The new iShares Dow Jones-UBS Roll Select Commodity Index Trust (NYSE: CMDT), which came to market Friday, looks to solve that conundrum. CMDT " first exchange traded product based on the Dow Jones-UBS Roll Select Commodity Index, which currently tracks 22 commodities futures contracts, including agriculture, energy and metals, and is designed to minimize the costs of closing expiring futures contracts and replacing them for new ones," according to a statement issued by iShares.
Related: Eight Commodities ETFs for 2013.
CMDT, which has an annual expense ratio 0.75 percent, devotes 37.5 percent of its weight to energy commodities with March 2014 NYMEX-traded natural gas and January 2014 West Texas Intermediate crude oil representing the new ETF's top-two holdings at a combined 23.9 percent, according to the fund's fact sheet.
" Many investors look to commodities to diversify beyond stocks and bonds, but when investing in commodity funds that typically hold futures contracts, the buying and selling of contracts can detract from fund performance. By using an innovative index the iShares Dow Jones-UBS Roll Select Commodity Index Trust seeks to minimize the costs of changing or rolling' futures contracts, enabling the Trust to ultimately provide investors efficient access to diversified commodities, said Ravi Goutam, Head of Americas Product for iShares at BlackRock, in the statement.
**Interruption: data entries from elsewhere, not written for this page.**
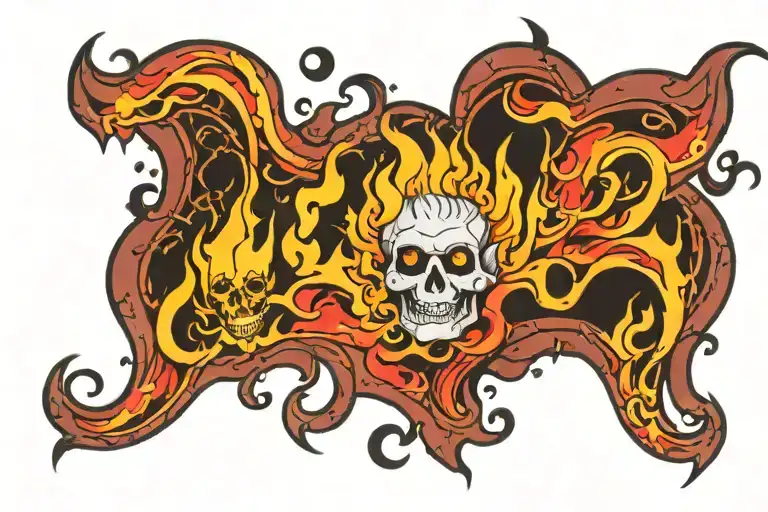 Flames with about granny's death tattoo design idea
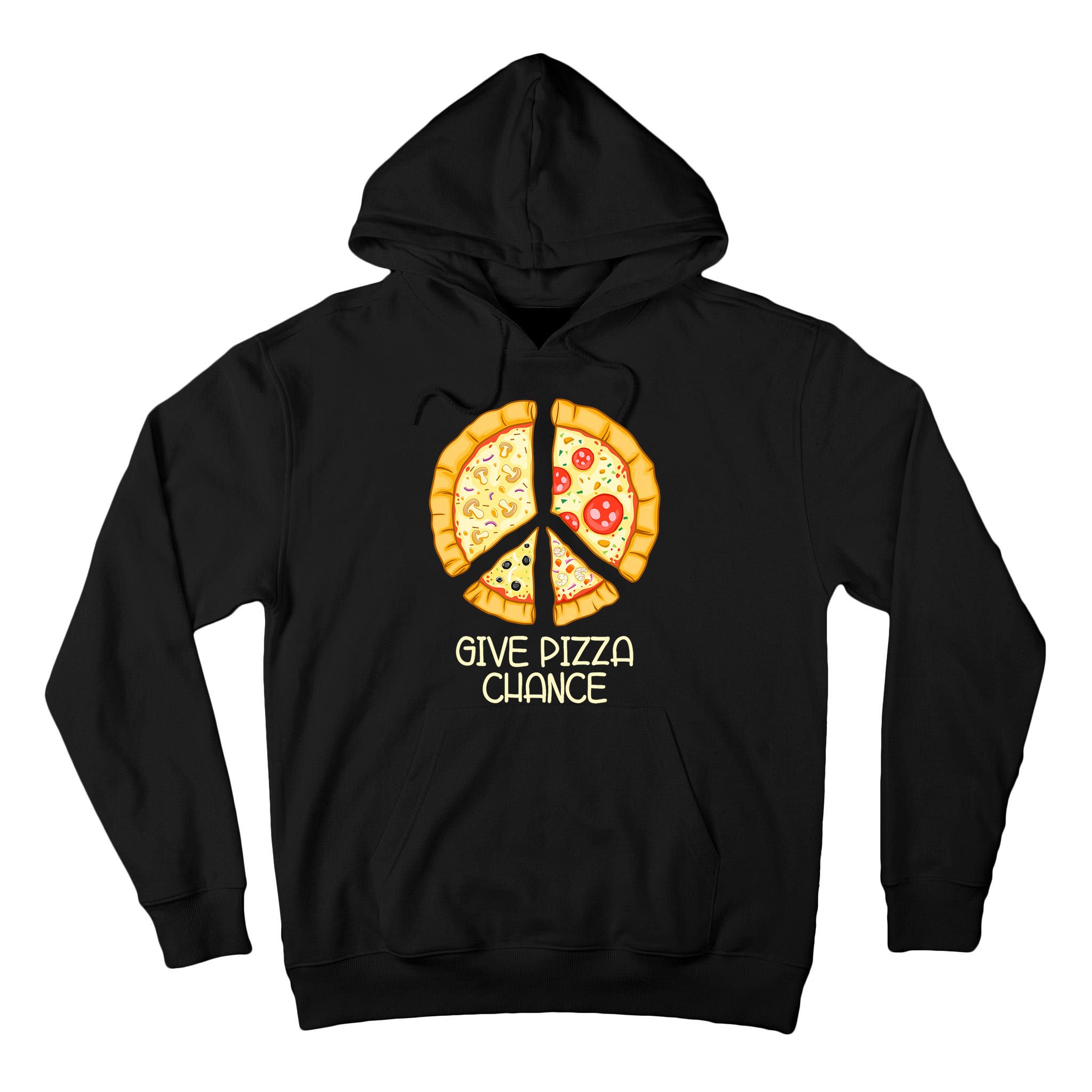 Give Pizza Chance Funny Pizza Pun With Peace Logo Sign Tall Hoodie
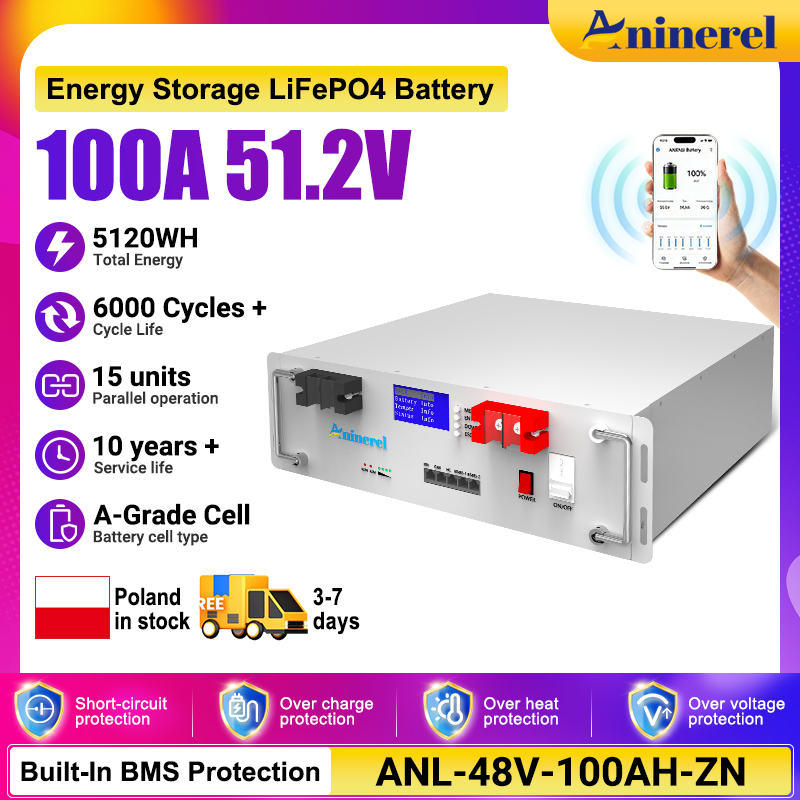 [🔥 618 BEST SELLER]Aninerel- 51.2V 100Ah Rack-mounted LiFePO4 Battery 6000+ Cycles Built in BMS 5KWH Support Parallel for Solar System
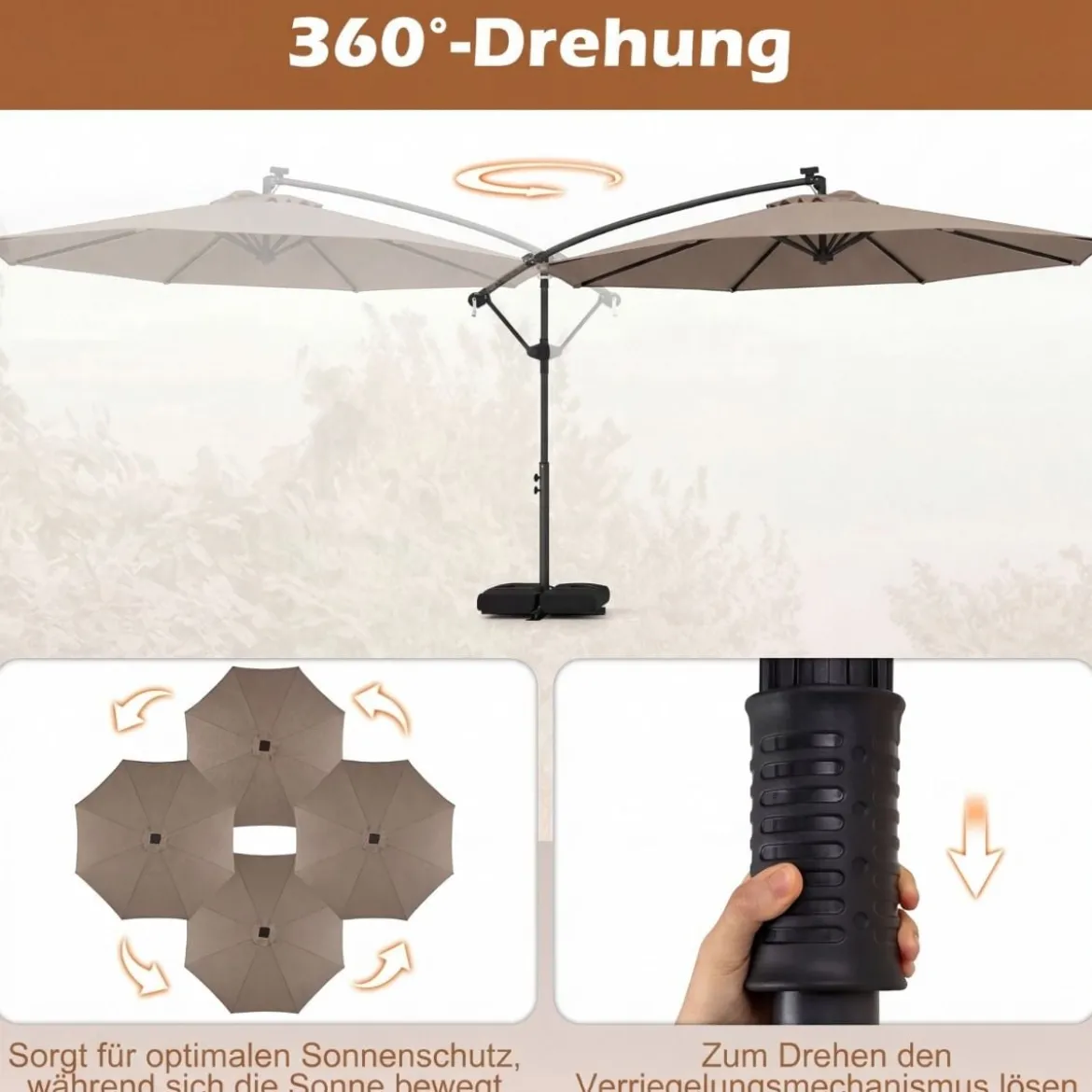 Sonnenschirm mit Ständer & LED-Leuchten & Kurbel 360° Drehbar Ampelschirm Marktschirm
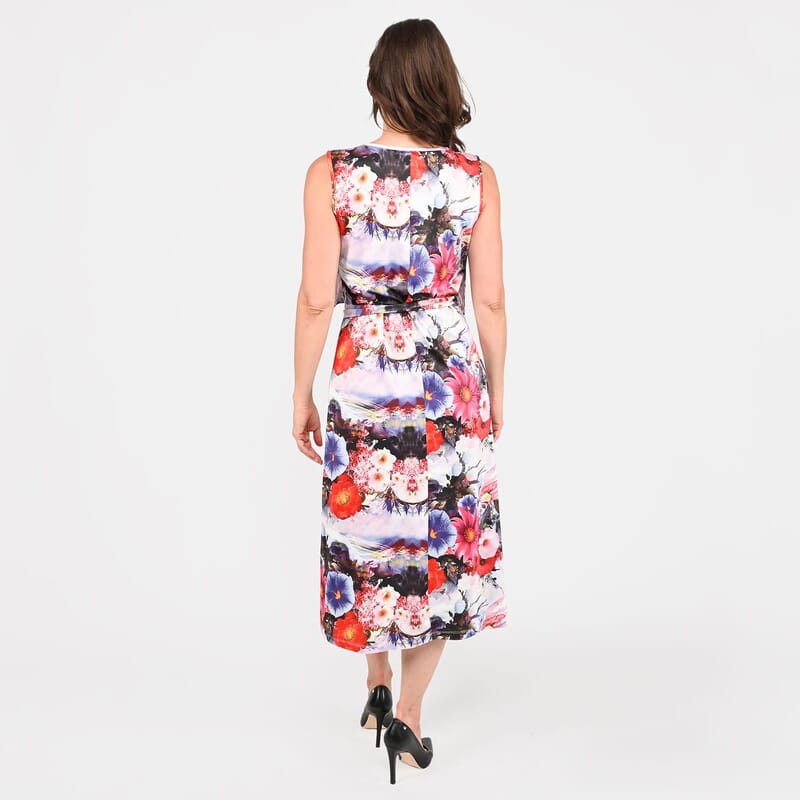 Tamsy White Floral Sleeveless Dress with Waist Tie - XL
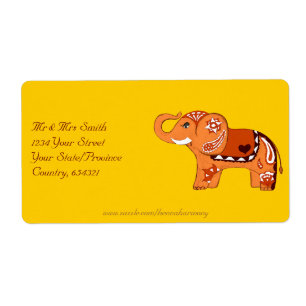 Henna Elephant (Oranje/rood) Etiket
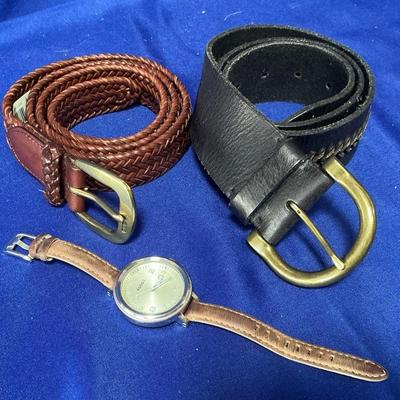 2 Ralph Lauren Leather Belts & Fossil Watch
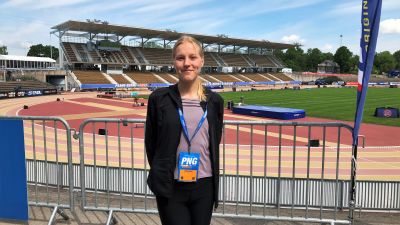 Viola Westling framför Paavo Nurmi stadion inför Paavo Nurmi Games.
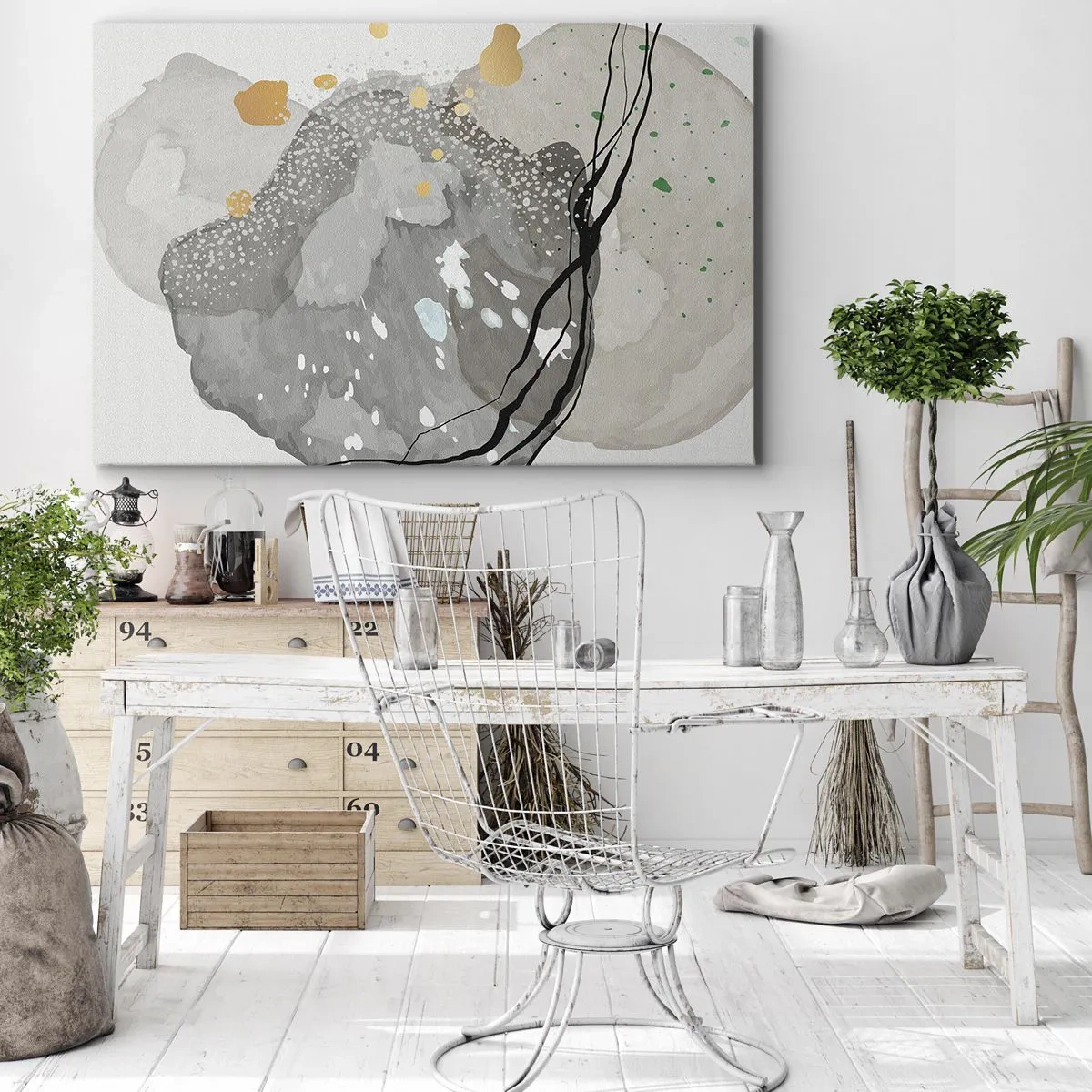 Bild auf Leinwand - Leinwandbild - Organische Formen in Grautönen mit Akzenten in Schwarz und Gold - 70x50cm - Organische Komposition - Moderne Wanddekoration für Wohnzimmer und Schlafzimmer ARTTOR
CMDT's other top-10 holdings include a Comex gold contract, copper, Brent crude (the global benchmark for oil futures), corn and soybeans. Although metals combine for 28 percent of CMDT's index, silver, one of the more heavily traded precious metals is not included in the new ETF's top-10 holdings. iShares is the sponsor of the world's largest silver ETF, the $6.5 billion iShares Silver Trust (NYSE:SLV).
CMDT looks to solve the contango conundrum by rolling into the futures contracts that " show the most backwardation or least contango, selecting from those contracts with nine months or fewer until expiration," said iShares.
iShares has had previous success with multi-commodity funds such as the iShares S&P GSCI Commodity-Indexed Trust (NYSE:GSG). The seven year old GSG has over $1.1 billion in assets under management and tracks an index comprised of energy, industrial & precious metals, agricultural, and livestock commodities.